Retirement and social security
Retirement is a stage of life longer, different and full of opportunity than it was up to some time ago. If well organized can be used for travel, study, engage in voluntary work, work.
But given that we will live longer, there is the possibility of being “discovered”: the country and the public security system can not support the progressive aging of the population and the percentage of “guaranteed pension” will be very small compared to the expectations and hopes.
So a few years no longer only for retirement, but the so-called three pillars of security, where:
- The first is the public pension and mandatory, aimed at providing a basic protection;
- The second consists of the pension funds, which are designed to give workers a collective complementary protection to ensure a higher level of security coverage;
- The third is aimed at protecting individual integrative, represented mainly by life insurance and mutual funds.
The public pension system and can then decide to support the pension schemes, and through the voluntary and collective supplementary pension schemes to offer the possibility of forming an additional pension.
Join the social security is not an obligation but it is useful to supplement the basic pension.
The program of social security can be achieved by choosing a different way: by joining a pension fund or closed negotiations, choosing a fund open, or entering into or Pip Fip.
These two acronyms indicate the same thing: the first, Pip, stands for individual retirement plans, the second Fip, stands for individual retirement funds.
In practice this is that welfare policies, following the regular payment of premiums, guarantee a certain income to full retirement.
It is also true that in recent years, the welfare policies have become much more attractive from a tax point of view compared to traditional life policies.
A surge in sales but does not indicate the actual cost of the product at this stage of transition. Maroni Decree of 2005 gave effect to the reform of pensions. The decree will increase affordability for those who decide to stick to complementary pension schemes.

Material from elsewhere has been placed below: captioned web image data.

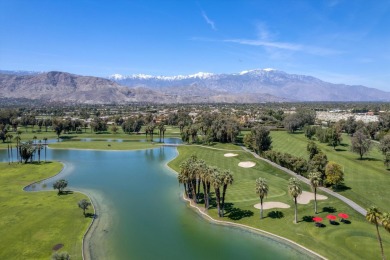 Upon entering this beautifully two-bedroom, two-bath condo on Desert Island Golf and Country Club in California - for sale on GolfHomes.com, golf home, golf lot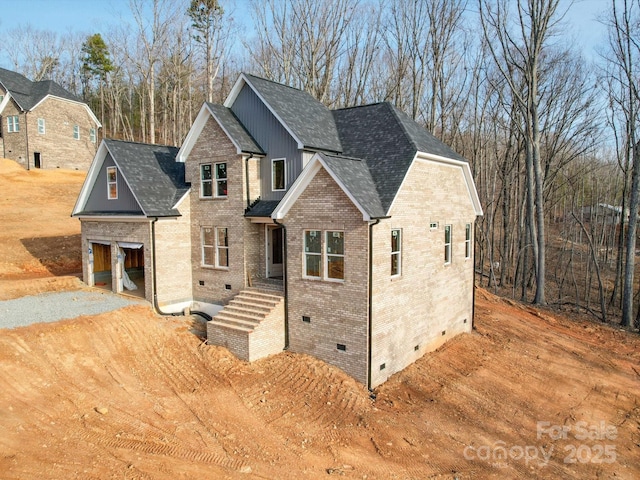 view of front of home with a shingled roof, crawl space, brick siding, and driveway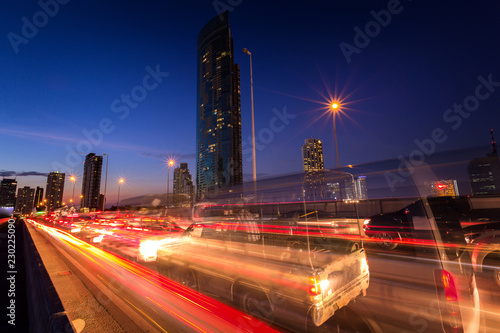 The light trails on the street and urban in the night or dusk as city life background. © ImagineDesign
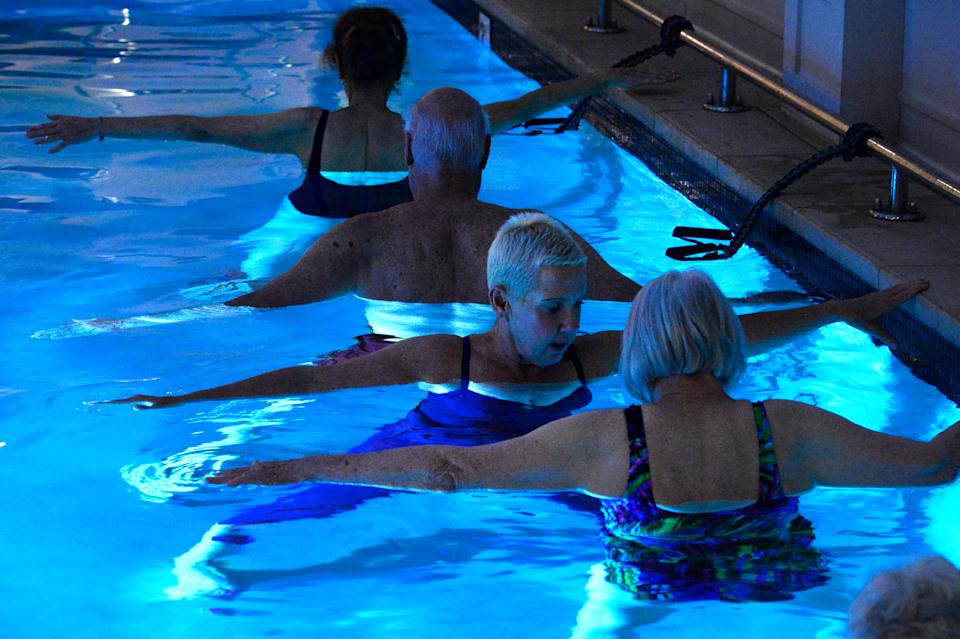 DENVER, CO - JULY 7: Yoga instructor Rebecca Watson leads seniors in a Hatha aqua yoga class at Balfour at Riverfront Park in Denver, Colorado on July 7th, 2015.  Seniors are looking for more active lives into their retirement. (Photo By Helen H. Richardson/ The Denver Post)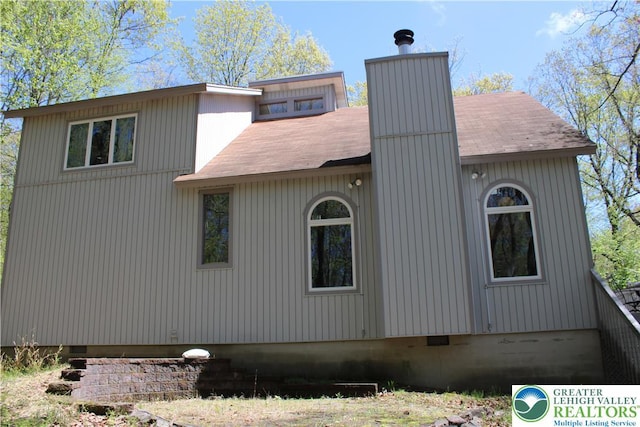 view of property exterior featuring a chimney and crawl space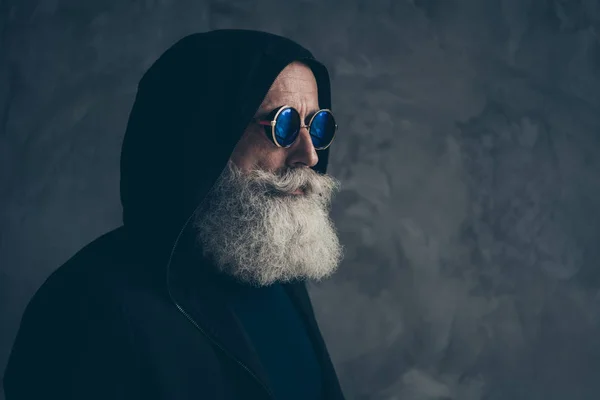 Perfil de cerca retrato lateral de su agradable contenido enfocado atractivo barbudo hombre de pelo gris abuelo con sudadera con capucha ronda especificaciones vida estilo de vida aislado sobre fondo de pared industrial de hormigón — Foto de Stock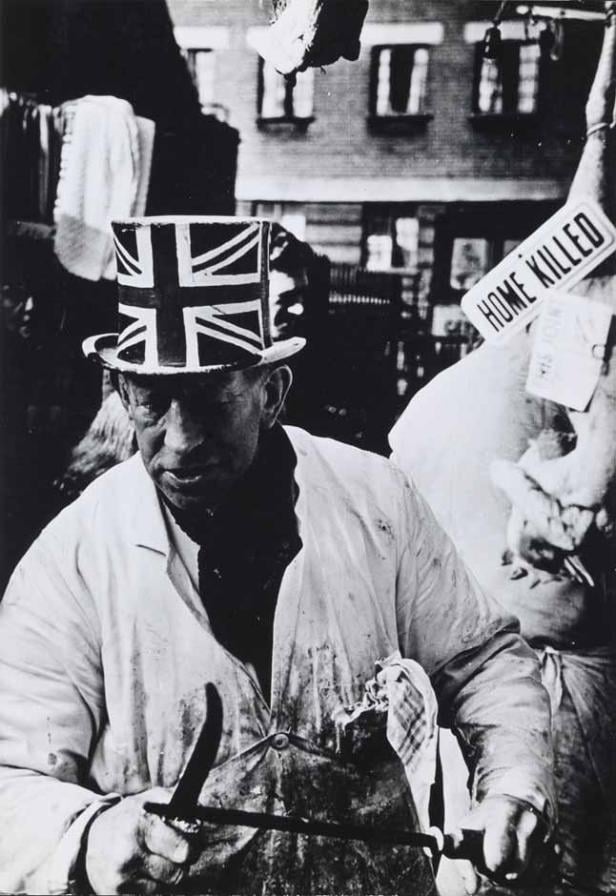 Ein Mann mit Union-Jack-Zylinder hantiert mit Werkzeugen vor einem Schild mit der Aufschrift „Home Killed“.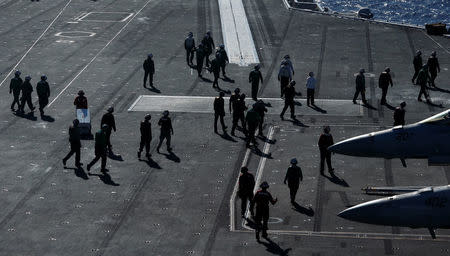 Crew members work on the deck of the USS Ronald Reagan in the South China Sea September 30, 2017. REUTERS/Bobby Yip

One of the great novelty is the possibility for the worker to decide to allocate its treatment termination (TFR) to a choice between a pension fund category, a fund open, a fund individual (Pip).
Pip I have life insurance and one of the alternatives of retirement provision. The employee can decide independently on the amount of annual pay, which can also be a fixed figure.
At the end of the work and the full retirement each employee will have accumulated a capital sum will be converted into an annuity (pension) paid monthly and calculated on the basis of the premium paid on the performance that it has obtained.
Annual contributions, in fact, that the employee pays the Pip are set aside and invested in different ways, depending on the type of Pip. There are kind of Pip Pip revalued and linked unit.
The former can be defined in traditional insurance policies, why follow the rules of classical investment life insurance products: the payment of underwriters is all gathered together in a fund managed separately from the assets of the insurance company (and why we speak of management).
Every year the insured is a recognized part of the returns on those investments with the money management separately. This type of policy achievements: the gain realized in a year is put aside and not be affected by any losses in the coming years.
Pip the unit-linked policies are contained in financial statements. The money from policyholders is invested in mutual funds whose performance is linked to the performance of the payments.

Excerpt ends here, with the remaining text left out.